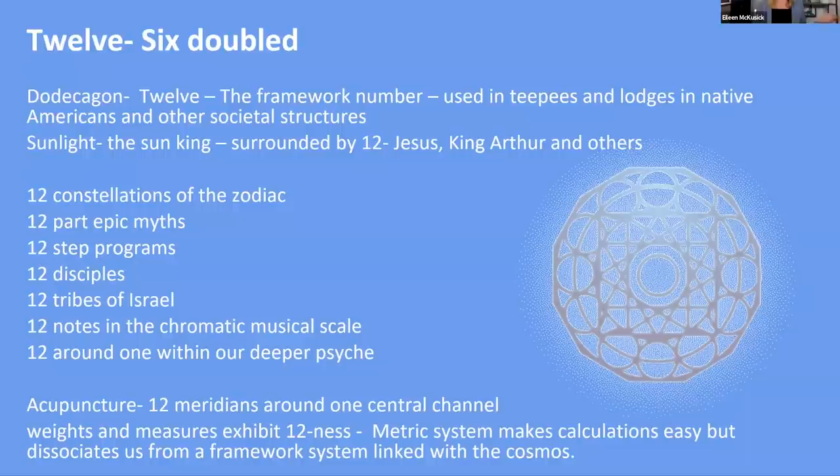12 times 12 is 144 — as you might know, we have 144 Hz weighted and unweighted forks. Of all the forks I've ever used, the 144 Hz are truly the most effective at reflecting where there is instability in the system, or where a system is out of integrity, and helping to guide it back into that integrity. It's a very important concept to understand the nature of the 12.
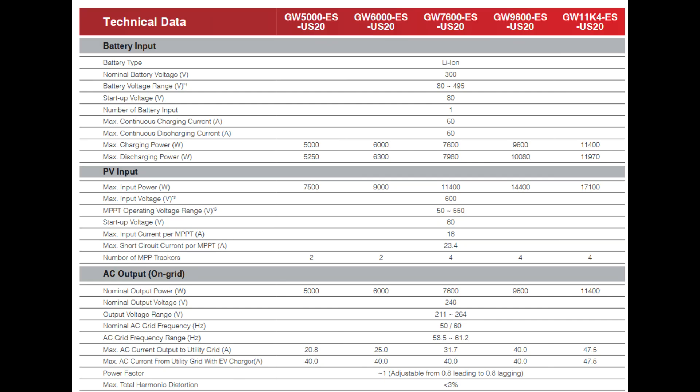Short circuit current is 23.4 amps, and the number of MPPTs is 4. On the AC grid side, nominal output power is 11.4 kilowatts at 240 volts. Output voltage range is 211 to 264 volts. Grid frequency is 50 or 60 Hz, selectable. Max current output to the grid is 47.5 amps.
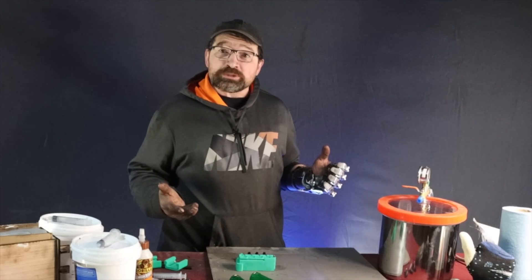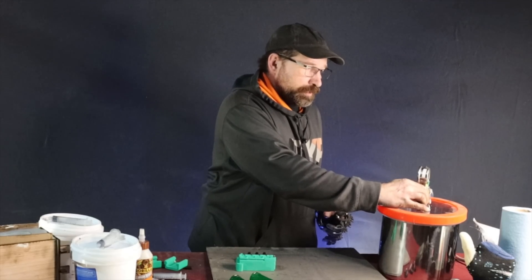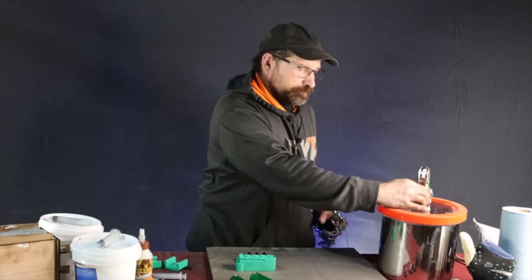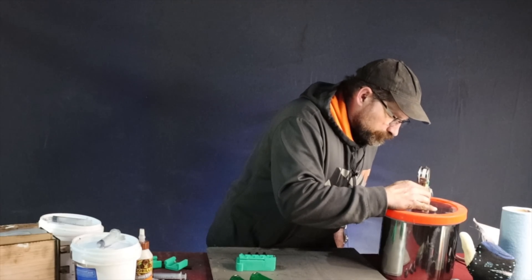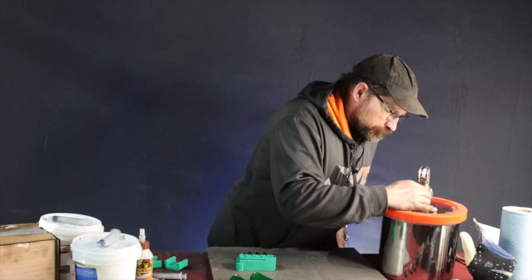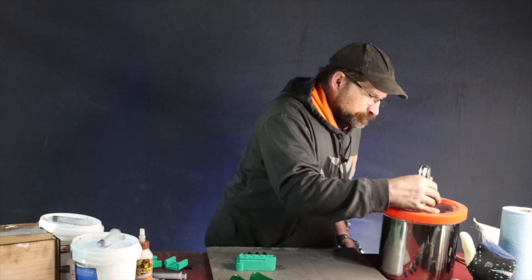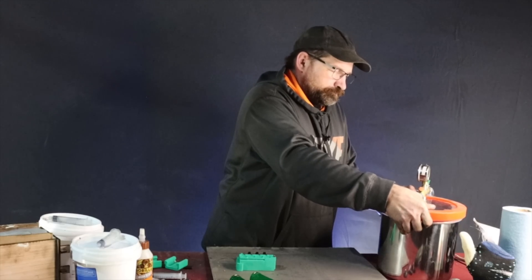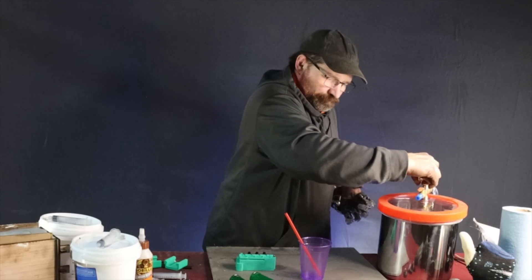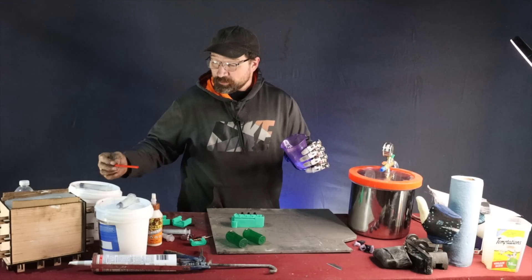Now that the bubbles have slowed down, go ahead and turn off your vacuum pump, then slowly open up the valve. Now go ahead and fill the molds.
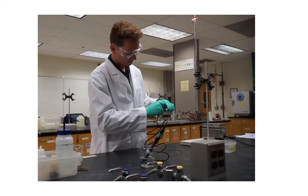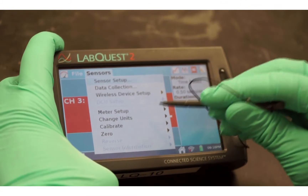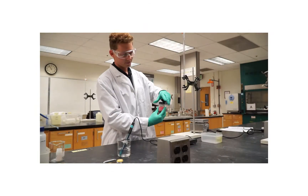Connect the sensor to the LabQuest; the sensor's pH reading will be displayed. Choose Calibrate from the Sensor menu and tap Calibrate Now.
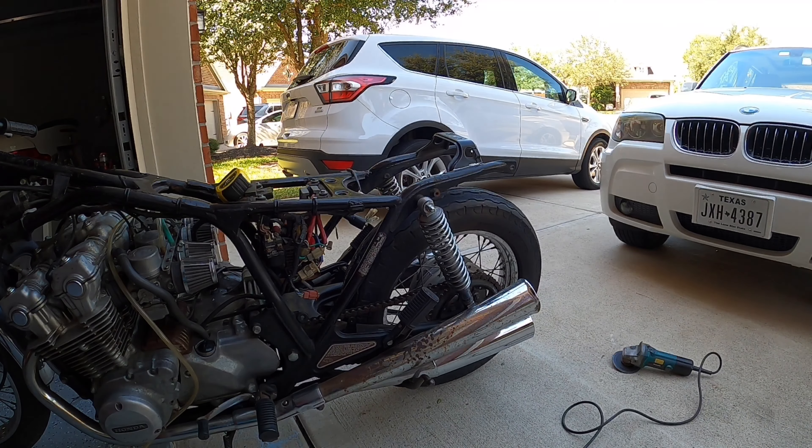That fits pretty good — maybe just a hair more this way but I can clean that up. I'm going to close that in a hair, then mark it and start working the whole thing out. I have the hoop all cut down — it fits like that but there's a weird little gap, so I'm going to cut it at an angle and push it up and get it all welded. Now I'll show you what it looks like with the loop all welded and smoothed out.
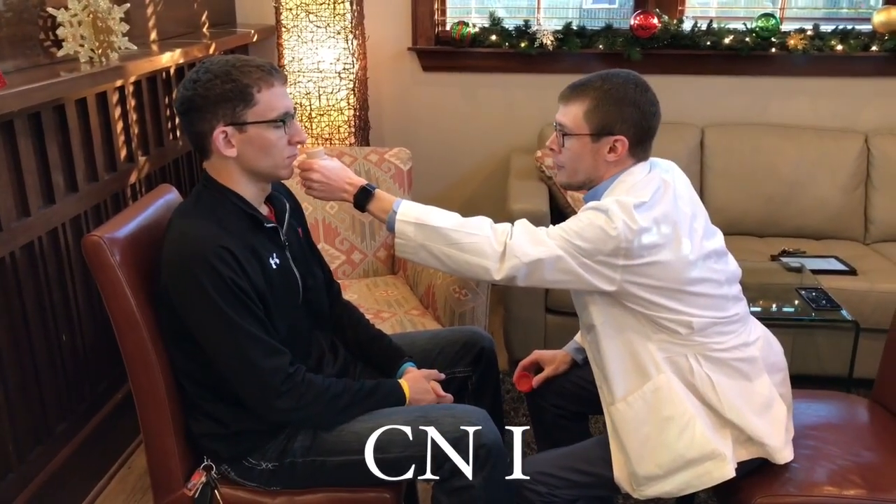Alright, I want you to close your eyes. I've got a substance that I want you to smell — let me know if you can tell me what it is. Patient: Smells like cinnamon. Cinnamon — very good. And that is testing cranial nerve one, the olfactory nerve.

---

Exercise instructions
Nothing but the records above, exact and without pictures, should appear in the answer.

Answer section
12 times 12 is 144 — as you might know, we have 144 Hz weighted and unweighted forks. Of all the forks I've ever used, the 144 Hz are truly the most effective at reflecting where there is instability in the system, or where a system is out of integrity, and helping to guide it back into that integrity. It's a very important concept to understand the nature of the 12.
Short circuit current is 23.4 amps, and the number of MPPTs is 4. On the AC grid side, nominal output power is 11.4 kilowatts at 240 volts. Output voltage range is 211 to 264 volts. Grid frequency is 50 or 60 Hz, selectable. Max current output to the grid is 47.5 amps.
Now that the bubbles have slowed down, go ahead and turn off your vacuum pump, then slowly open up the valve. Now go ahead and fill the molds.
Connect the sensor to the LabQuest; the sensor's pH reading will be displayed. Choose Calibrate from the Sensor menu and tap Calibrate Now.
That fits pretty good — maybe just a hair more this way but I can clean that up. I'm going to close that in a hair, then mark it and start working the whole thing out. I have the hoop all cut down — it fits like that but there's a weird little gap, so I'm going to cut it at an angle and push it up and get it all welded. Now I'll show you what it looks like with the loop all welded and smoothed out.
Alright, I want you to close your eyes. I've got a substance that I want you to smell — let me know if you can tell me what it is. Patient: Smells like cinnamon. Cinnamon — very good. And that is testing cranial nerve one, the olfactory nerve.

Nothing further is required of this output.